I used Topofusion to create this map which shows all of my foot traverses in my Owyhee River study area over the summer and fall. The program offers some interesting routines that generalize complex tracks to create a trail network that helps reduce irregularities and redundancies in GPS tracklogs. This is an easy way to show your progress in field reconnaissance if you are so inclined (yep, I am).

Recently, I used Topofusion to pan through a series of topo maps of the western United States to further investigate the geomorphology (and learn the names) of some very interesting geologic features I had seen on various airplane trips this last year (see related Google Map and Geotagged photo album). Topofusion was the best way to do this quickly because it provides very rapid access to all the detailed topo maps of the US which include many more place names than you can find in, say, Google Earth.
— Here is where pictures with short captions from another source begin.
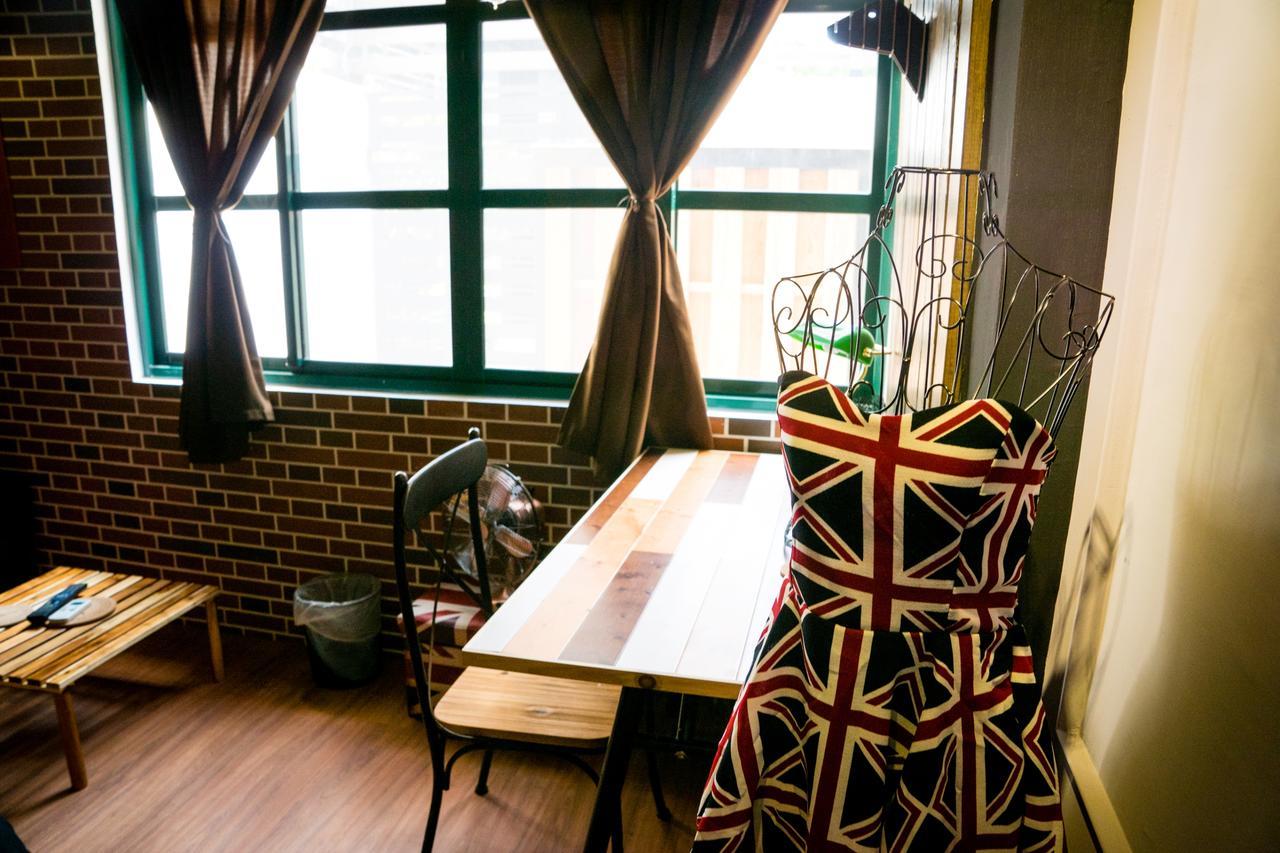 Baker Street London Style Inn Tainan Extérieur photo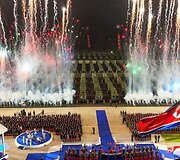 Kim Jong Unas perdavė pasieniečiams 250 balistinių raketų paleidimo įrenginių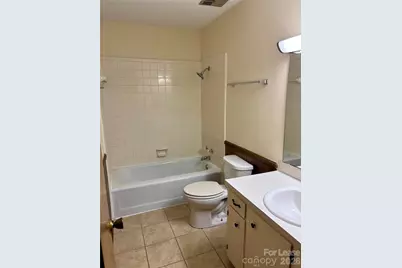 128 Hillcrest Drive, Lincolnton, NC 28092 - Photo 6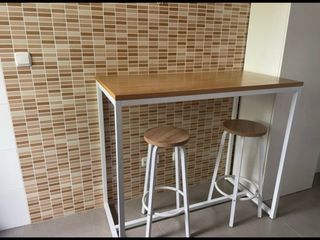 Mesa alta bar y 2 taburetes madera. Madera maciza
Wednesday, January 9, 2008

Reno-Gazette Journal makes good use of Google Maps

The hapless residents of Fernley, Nevada were recently struck by a flood of entirely human design when the canal that deprives Pyramid Lake of water failed into their neighborhood on an extremely cold and snowy morning.

Authors at the RG&J put together a Google Map to illustrate the effects of the flood. They also recently put one together to show snow and road conditions in the Lake Tahoe area. Good move.

View Larger Map

Sunday, January 6, 2008

Virtual Field Trip with Geo-tagged Photos

Another option for providing spatial context for geologically oriented photographs is to geotag them in an online photo album that links to a map. Here is an example made using Picasa, a very handy (free) photo organizing program that can geotag photos for viewing in Google Maps or Google Earth: Geotagged Photo Example

Very Basic Example of a Virtual Field Trip

As I have mentioned in previous posts, Google Map's 'My Maps' feature offers a way to very quickly develop some interesting maps that incorporate images and commentary. This is the most basic application. It is possible to make the interface considerably more elaborate with additional coding using an API--application programming interface. The example below is one that I put together with a few hour's work with photo editing and Google Maps. It highlights some scenic points on recent flights between Reno, Vegas, and Oklahoma City (although the scenery ends near Albuquerque). The potential for this to highlight geologic features of Nevada is obvious, no? It can even be made very technical to share with other scientists. I made mine for fun, but it could be augmented considerably with text on history and geology along with relevant links.